The first Earth Day (1970) had two Co-Chairs. Demorcatic Senator Gaylord Nelson (WI) and Republican Congressman Paul N. "Pete" McCloskey (CA). There was, at that time, a national consensus that the environment was important and that the public could influence our politicians to do something about it. Note, the both major parties and both houses of Congress were involved in the leadership.
While Sen. Nelson died in 2005, Pete McCloskey is still with us and continues the fight that they started then. On Friday, April 20, McCloskey was honored by the dedication of a ~100 acre McCloskey Preserve in San Mateo County. This is a dedication of private lands to be set aside in perpetuity.
At the dedication, McCloskey remarked that "the key to preserving the planet may rest in the nation's youth.
I think that this should be a goal of the Green Party CA. We should be using environmental activism to reach out to young people, as McCloskey advises, and making sure that they are able to continue living in the world that we have enjoyed for all of our years. We should be setting up the equivalent of a Youth Ministry, except the goal is not the salvation of the soul but the salvation of this country.
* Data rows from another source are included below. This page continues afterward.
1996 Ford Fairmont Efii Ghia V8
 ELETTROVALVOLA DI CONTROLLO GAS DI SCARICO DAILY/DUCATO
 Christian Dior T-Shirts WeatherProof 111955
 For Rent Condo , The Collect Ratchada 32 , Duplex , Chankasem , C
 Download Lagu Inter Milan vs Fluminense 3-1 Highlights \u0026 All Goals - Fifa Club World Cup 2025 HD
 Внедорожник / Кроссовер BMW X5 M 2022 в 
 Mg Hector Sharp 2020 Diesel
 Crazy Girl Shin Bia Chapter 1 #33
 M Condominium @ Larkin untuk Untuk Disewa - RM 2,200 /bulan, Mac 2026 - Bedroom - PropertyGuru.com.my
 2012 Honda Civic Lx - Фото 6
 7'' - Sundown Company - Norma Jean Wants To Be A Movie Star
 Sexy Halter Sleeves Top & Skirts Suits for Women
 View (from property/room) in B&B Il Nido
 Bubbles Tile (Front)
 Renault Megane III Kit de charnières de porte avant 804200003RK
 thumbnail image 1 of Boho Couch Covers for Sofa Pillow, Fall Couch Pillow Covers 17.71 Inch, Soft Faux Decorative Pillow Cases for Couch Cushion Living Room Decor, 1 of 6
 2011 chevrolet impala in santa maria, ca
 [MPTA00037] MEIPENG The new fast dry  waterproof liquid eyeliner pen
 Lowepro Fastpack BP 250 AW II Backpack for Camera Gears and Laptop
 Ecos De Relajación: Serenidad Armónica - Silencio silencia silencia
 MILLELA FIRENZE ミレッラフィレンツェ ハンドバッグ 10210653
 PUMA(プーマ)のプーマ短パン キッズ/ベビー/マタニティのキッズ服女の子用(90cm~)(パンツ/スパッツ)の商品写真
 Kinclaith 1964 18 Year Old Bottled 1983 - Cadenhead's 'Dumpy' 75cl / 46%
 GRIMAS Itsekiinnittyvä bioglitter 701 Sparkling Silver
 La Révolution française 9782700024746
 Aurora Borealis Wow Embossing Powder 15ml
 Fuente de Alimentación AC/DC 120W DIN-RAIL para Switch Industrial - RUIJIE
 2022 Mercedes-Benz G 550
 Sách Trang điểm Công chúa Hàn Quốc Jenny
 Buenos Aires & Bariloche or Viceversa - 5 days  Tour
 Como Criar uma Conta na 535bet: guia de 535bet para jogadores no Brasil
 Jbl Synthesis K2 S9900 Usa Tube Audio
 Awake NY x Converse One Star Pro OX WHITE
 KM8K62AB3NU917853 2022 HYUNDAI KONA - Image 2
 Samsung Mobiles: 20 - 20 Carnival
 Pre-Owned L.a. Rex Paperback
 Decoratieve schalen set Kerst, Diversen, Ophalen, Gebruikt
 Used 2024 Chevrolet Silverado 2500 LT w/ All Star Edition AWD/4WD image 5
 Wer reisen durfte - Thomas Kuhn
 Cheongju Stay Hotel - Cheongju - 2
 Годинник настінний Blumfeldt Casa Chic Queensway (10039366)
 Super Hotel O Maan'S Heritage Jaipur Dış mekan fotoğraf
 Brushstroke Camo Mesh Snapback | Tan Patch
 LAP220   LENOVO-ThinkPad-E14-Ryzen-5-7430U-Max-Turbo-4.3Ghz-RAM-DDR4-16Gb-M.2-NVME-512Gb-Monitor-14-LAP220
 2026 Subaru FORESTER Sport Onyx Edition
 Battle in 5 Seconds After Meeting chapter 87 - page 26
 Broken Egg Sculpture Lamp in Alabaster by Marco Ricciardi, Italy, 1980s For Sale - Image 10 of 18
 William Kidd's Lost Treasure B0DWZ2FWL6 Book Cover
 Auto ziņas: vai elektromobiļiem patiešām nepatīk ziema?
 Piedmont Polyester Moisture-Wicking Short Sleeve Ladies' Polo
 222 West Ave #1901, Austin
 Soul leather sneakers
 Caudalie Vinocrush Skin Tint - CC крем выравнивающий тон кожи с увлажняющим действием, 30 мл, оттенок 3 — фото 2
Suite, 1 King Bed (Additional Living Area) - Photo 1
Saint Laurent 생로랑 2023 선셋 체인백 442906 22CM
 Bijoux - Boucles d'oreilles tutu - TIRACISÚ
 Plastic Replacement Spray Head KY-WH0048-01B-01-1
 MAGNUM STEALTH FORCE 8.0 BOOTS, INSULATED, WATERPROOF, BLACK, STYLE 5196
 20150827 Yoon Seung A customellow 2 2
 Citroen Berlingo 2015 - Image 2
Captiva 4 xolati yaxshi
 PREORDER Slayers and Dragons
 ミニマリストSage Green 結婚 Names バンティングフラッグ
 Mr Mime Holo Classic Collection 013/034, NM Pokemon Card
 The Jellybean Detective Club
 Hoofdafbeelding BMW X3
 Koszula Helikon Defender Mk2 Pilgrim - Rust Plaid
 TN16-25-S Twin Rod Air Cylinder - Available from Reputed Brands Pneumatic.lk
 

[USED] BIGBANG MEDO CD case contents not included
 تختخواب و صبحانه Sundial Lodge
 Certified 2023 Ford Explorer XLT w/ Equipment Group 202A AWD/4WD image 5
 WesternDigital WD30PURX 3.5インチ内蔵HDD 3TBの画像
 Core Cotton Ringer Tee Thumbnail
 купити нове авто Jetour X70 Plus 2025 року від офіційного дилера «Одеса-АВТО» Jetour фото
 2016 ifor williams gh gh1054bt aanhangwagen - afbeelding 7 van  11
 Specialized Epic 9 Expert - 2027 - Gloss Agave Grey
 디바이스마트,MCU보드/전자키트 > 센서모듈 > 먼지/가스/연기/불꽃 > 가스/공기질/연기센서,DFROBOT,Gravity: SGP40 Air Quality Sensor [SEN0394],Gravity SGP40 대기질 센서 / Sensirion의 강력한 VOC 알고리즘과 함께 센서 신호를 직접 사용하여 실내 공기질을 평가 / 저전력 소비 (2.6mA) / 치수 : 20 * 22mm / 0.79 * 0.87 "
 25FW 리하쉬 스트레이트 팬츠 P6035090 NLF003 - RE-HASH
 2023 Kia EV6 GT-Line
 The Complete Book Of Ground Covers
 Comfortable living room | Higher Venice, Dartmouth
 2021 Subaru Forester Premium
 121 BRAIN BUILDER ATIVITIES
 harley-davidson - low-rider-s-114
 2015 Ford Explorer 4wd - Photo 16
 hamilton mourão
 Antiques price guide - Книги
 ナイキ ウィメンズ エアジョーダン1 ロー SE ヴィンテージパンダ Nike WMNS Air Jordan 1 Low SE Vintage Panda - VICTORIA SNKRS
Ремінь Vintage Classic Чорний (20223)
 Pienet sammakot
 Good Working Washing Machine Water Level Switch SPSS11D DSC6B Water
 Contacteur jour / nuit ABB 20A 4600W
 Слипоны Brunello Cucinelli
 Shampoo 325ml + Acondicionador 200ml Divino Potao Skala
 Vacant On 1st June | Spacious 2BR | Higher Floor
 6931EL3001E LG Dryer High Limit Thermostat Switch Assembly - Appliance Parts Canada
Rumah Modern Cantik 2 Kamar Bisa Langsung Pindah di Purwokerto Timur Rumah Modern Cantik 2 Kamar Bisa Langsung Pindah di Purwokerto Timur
Meanwhile, the old soldier in McCloskey demands that he continue the fight, as as such his law firm has joined the qui tam law suit against Maxxam Corporartion and it's owner, Charles Hurwitz, over the logging of the Headwaters Forest in N. California.
In the meantime, the national Green Party did not even produce a press release regarding Earth Day (though they did acknowledge the Step it Up campaign.) And I could not get any response to my question on this subject from Starlene Ranking, a National Media Committee CoCo. It would seem that the consciousness of environmental issues is there, but not the sense of urgency that our current situation requires.
I am looking out my home office window. The sun has just come out after a night of showers. A row of rosemary has provided feed to some white crowned sparrows and a flock of bush tits. A pair of spotted towhees are grubbing underneath the shrubs. It feels like all is right with the world, but I know it isn't.
- The GPCA Environment Email list has dwindled to having only 5 people and only a few are active.
- The national EcoAction Committee is floundering to the point where the last conference all only had 5 people and spent most of it's time discussing whether the committee should continue and, if it did, what it should be doing.
- The Steering Committee for the GPCA can not even agree on an Agenda for our next General Assembly and those proposals which would have dealt with substantive issues are not even being considered.